[Aim of the task]: Give an exact transcription limited to the lines from the one with "The Latino Guide" through the end of the entries, including both; no pictures belong in it.

[Entries shown]:
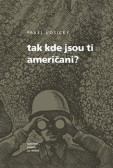 Tak kde jsou ti Američani? Tak kde jsou ti Američani?
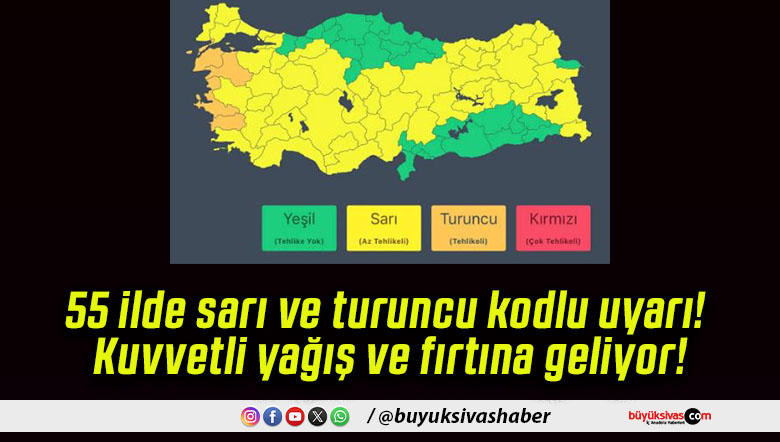 55 ilde sarı ve turuncu kodlu uyarı! Kuvvetli yağış ve fırtına geliyor!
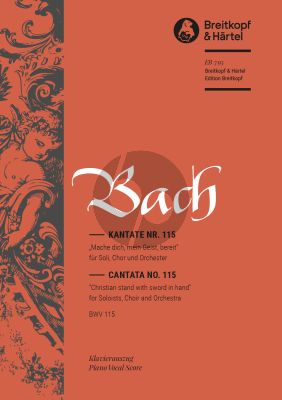 Bach Kantate BWV 115 - Mach dich, mein Geist, bereit (Christian stand with sword in hand) (Klavierauszug) (deutsch/englisch)
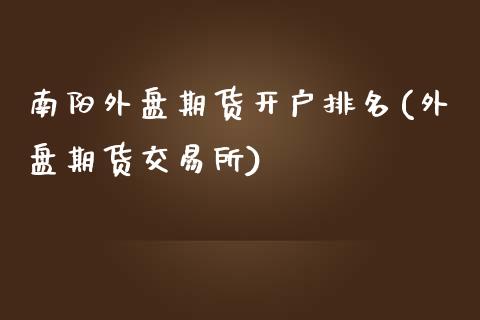 南阳外盘期货开户排名(外盘期货交易所)_https://www.fshengfa.com_黄金期货直播室_第1张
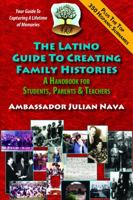 The Latino Guide to Creating Family Histories 1889379492 Book Cover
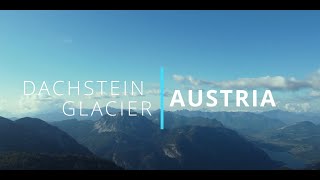 Dachstein Mountains Aerial View (Drone View) 4K, Austria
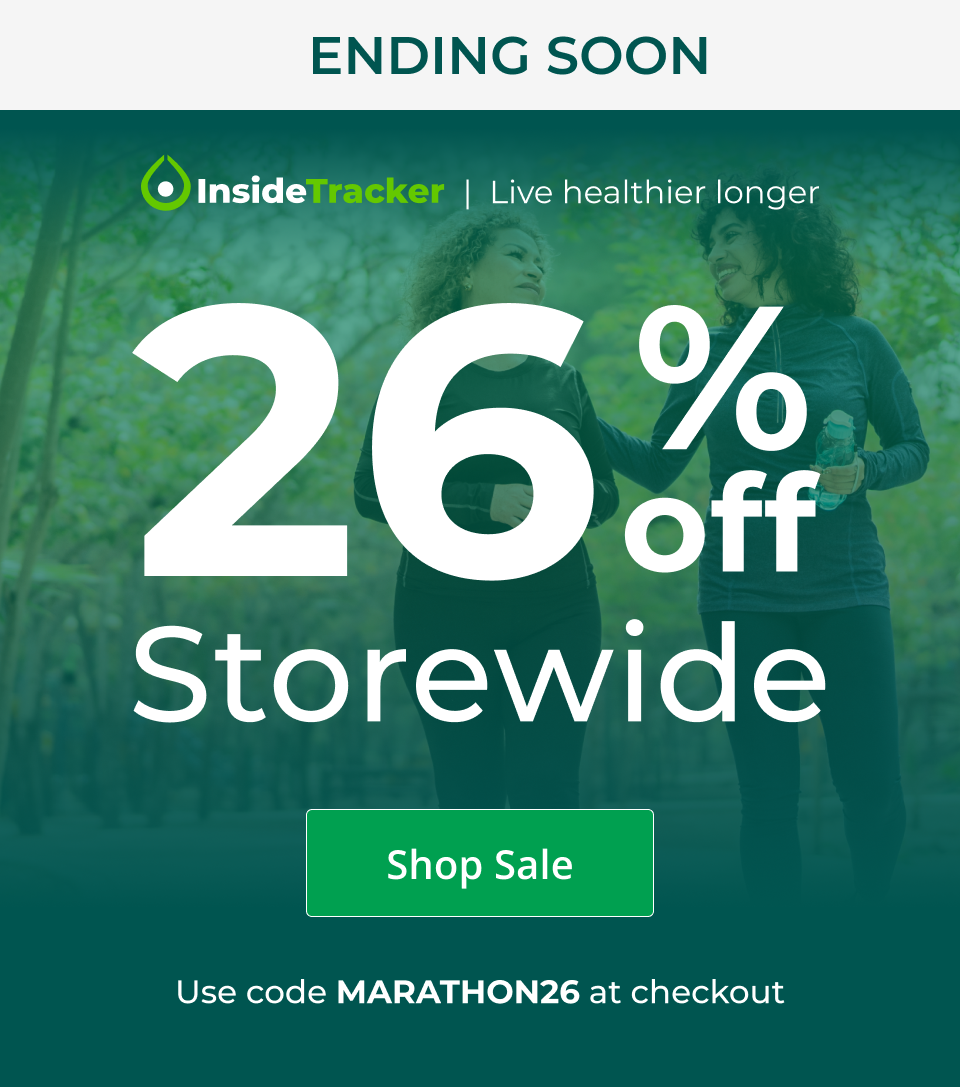 26% off storewide is ending soon! Use code MARATHON26 at checkout
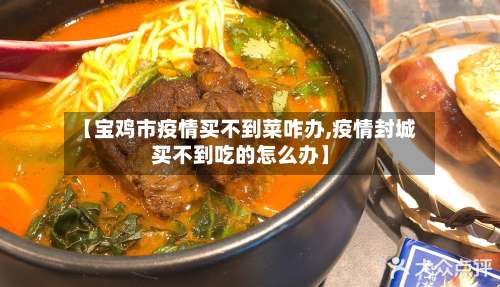 【宝鸡市疫情买不到菜咋办,疫情封城买不到吃的怎么办】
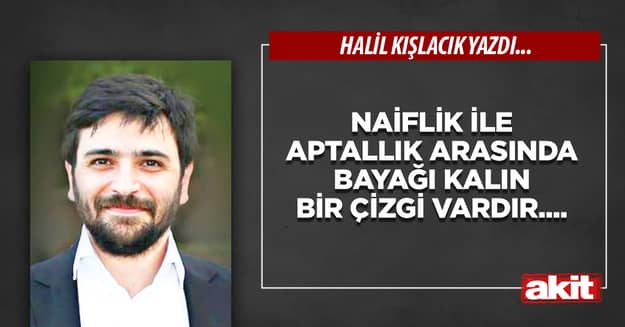 Naiflik ile aptallık arasında bayağı kalın bir çizgi vardır....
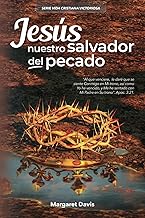 Jesús Nuestro Salvador del Pecado: Serie Vida Cristiana Victoriosa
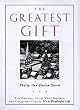The Greatest Gift: The Original Story That Inspired the Christmas Classic It's a Wonderful Life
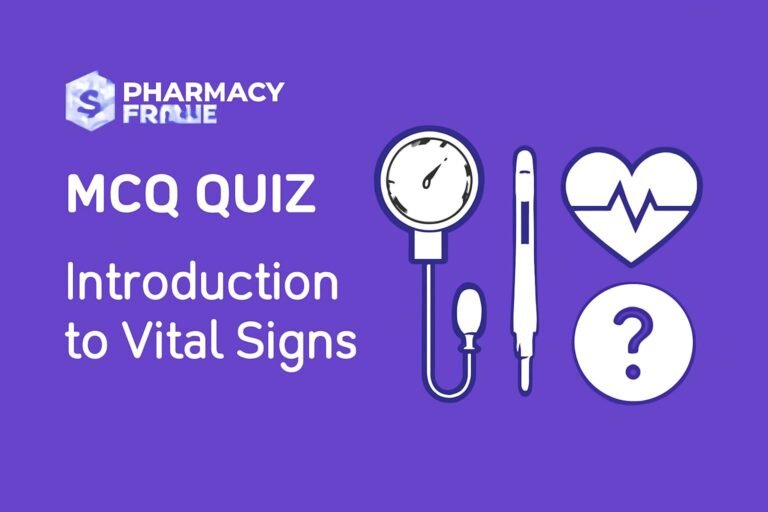 MCQ Quiz-Introduction to Vital Signs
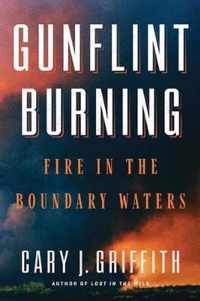 Gunflint Burning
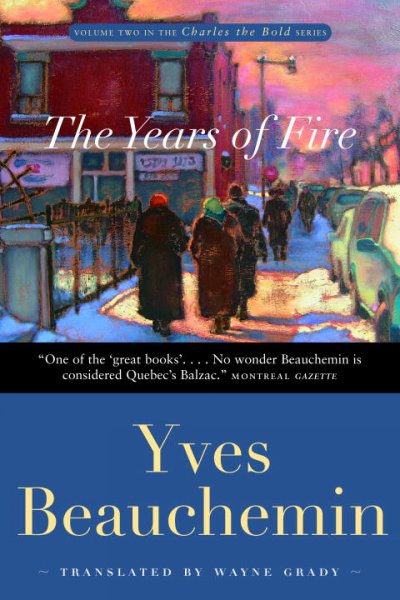The years of fire : a novel / Yves Beauchemin ; translated by Wayne Grady.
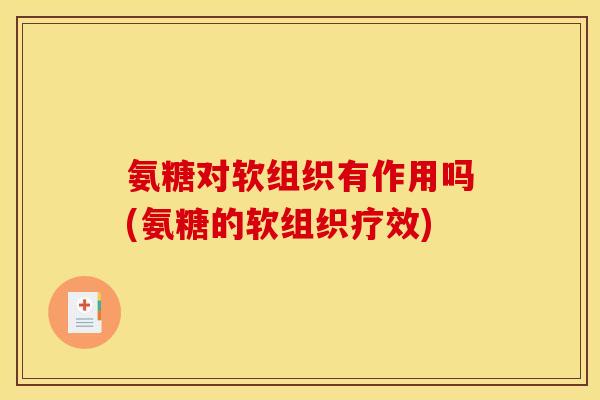 氨糖对软组织有作用吗(氨糖的软组织疗效)-第1张图片-关节骑士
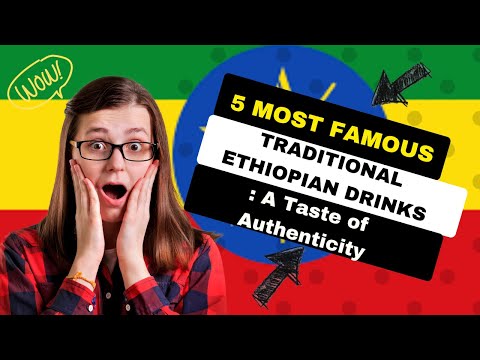 5 Most Famous Traditional Ethiopian Drinks
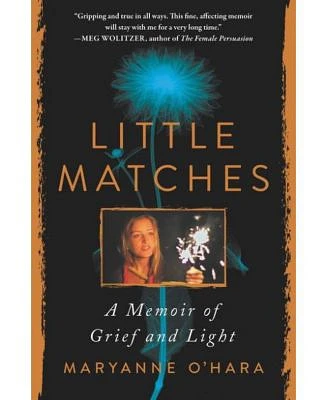 Little Matches - A Memoir of Finding Light in the Dark by Maryanne O'Hara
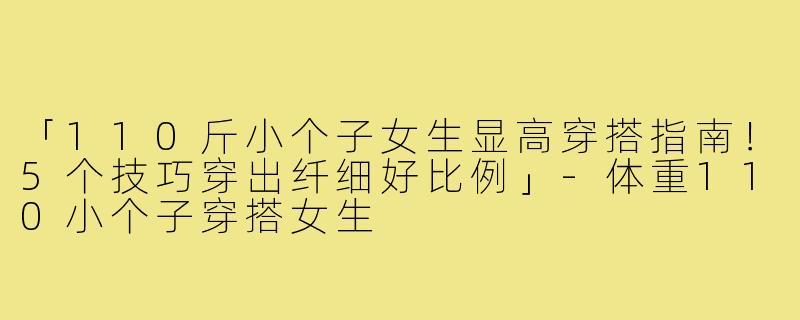 「110斤小个子女生显高穿搭指南！5个技巧穿出纤细好比例」
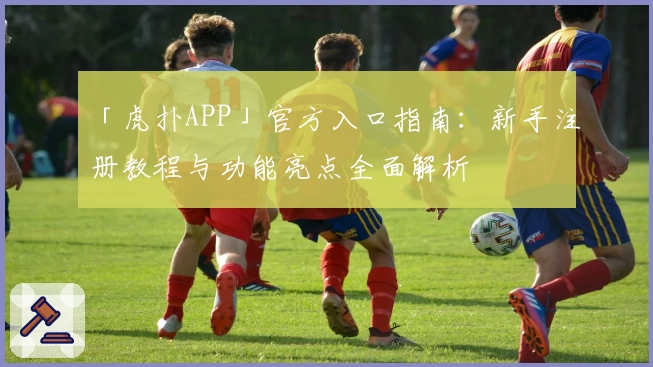 「虎扑APP」官方入口指南：新手注册教程与功能亮点全面解析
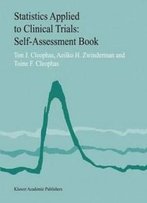 Statistics Applied To Clinical Trials: Self-Assessment Book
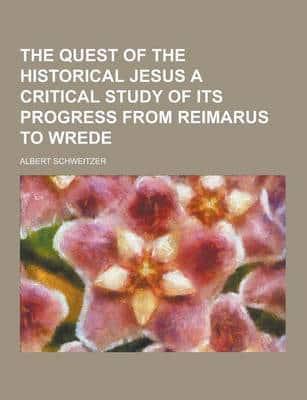 The Quest of the Historical Jesus a Critical Study of Its Progress from Reimarus to Wrede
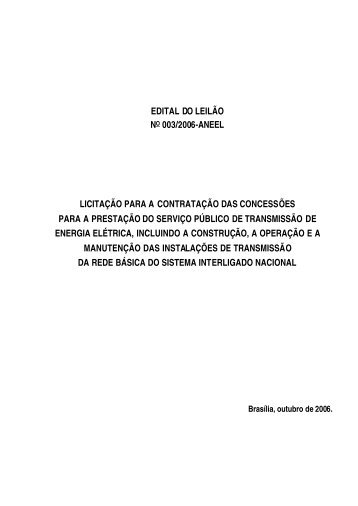 edital do leilÃ£o no 003/2006-aneel licitaÃ§Ã£o para a contrataÃ§Ã£o das ...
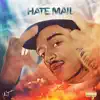Hate Mail album lyrics, reviews, download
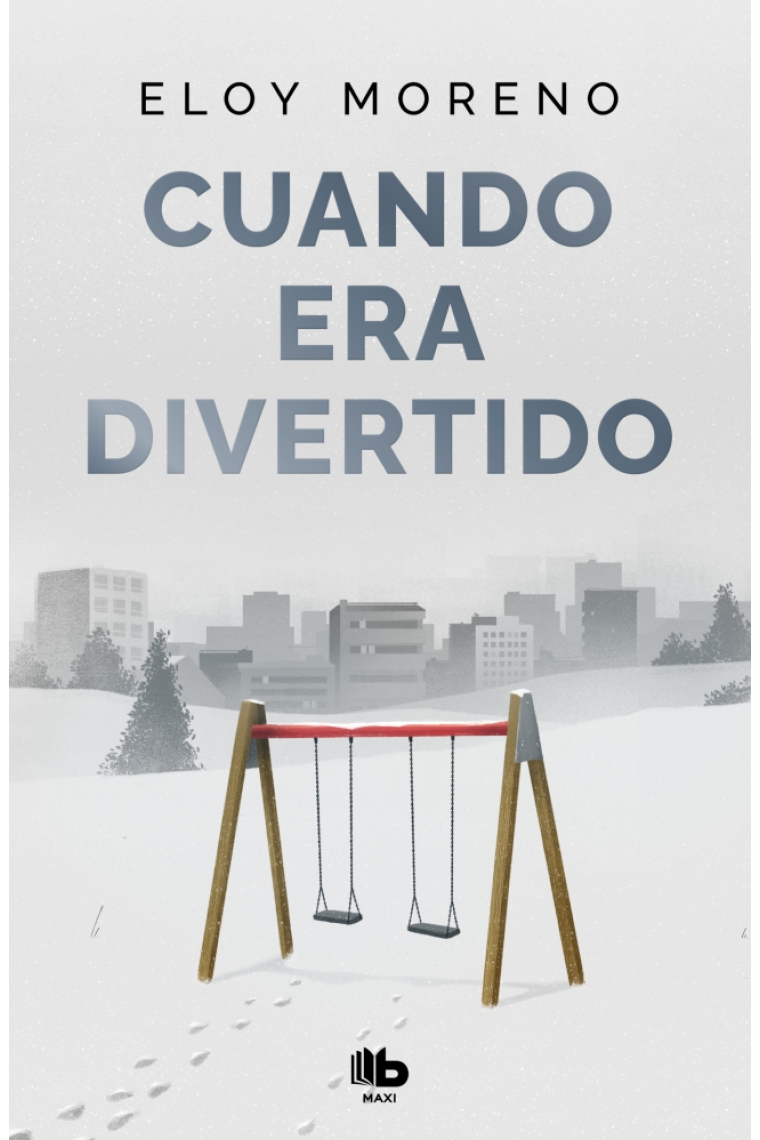 Cuando era divertido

[Response for this exercise]:
 The Latino Guide to Creating Family Histories 1889379492 Book Cover
 Dachstein Mountains Aerial View (Drone View) 4K, Austria
 26% off storewide is ending soon! Use code MARATHON26 at checkout
 【宝鸡市疫情买不到菜咋办,疫情封城买不到吃的怎么办】
 Naiflik ile aptallık arasında bayağı kalın bir çizgi vardır....
 Jesús Nuestro Salvador del Pecado: Serie Vida Cristiana Victoriosa
The Greatest Gift: The Original Story That Inspired the Christmas Classic It's a Wonderful Life
 MCQ Quiz-Introduction to Vital Signs
 Gunflint Burning
The years of fire : a novel / Yves Beauchemin ; translated by Wayne Grady.
 氨糖对软组织有作用吗(氨糖的软组织疗效)-第1张图片-关节骑士
 5 Most Famous Traditional Ethiopian Drinks
 Little Matches - A Memoir of Finding Light in the Dark by Maryanne O'Hara
 「110斤小个子女生显高穿搭指南！5个技巧穿出纤细好比例」
 「虎扑APP」官方入口指南：新手注册教程与功能亮点全面解析
 Statistics Applied To Clinical Trials: Self-Assessment Book
 The Quest of the Historical Jesus a Critical Study of Its Progress from Reimarus to Wrede
 edital do leilÃ£o no 003/2006-aneel licitaÃ§Ã£o para a contrataÃ§Ã£o das ...
Hate Mail album lyrics, reviews, download
 Cuando era divertido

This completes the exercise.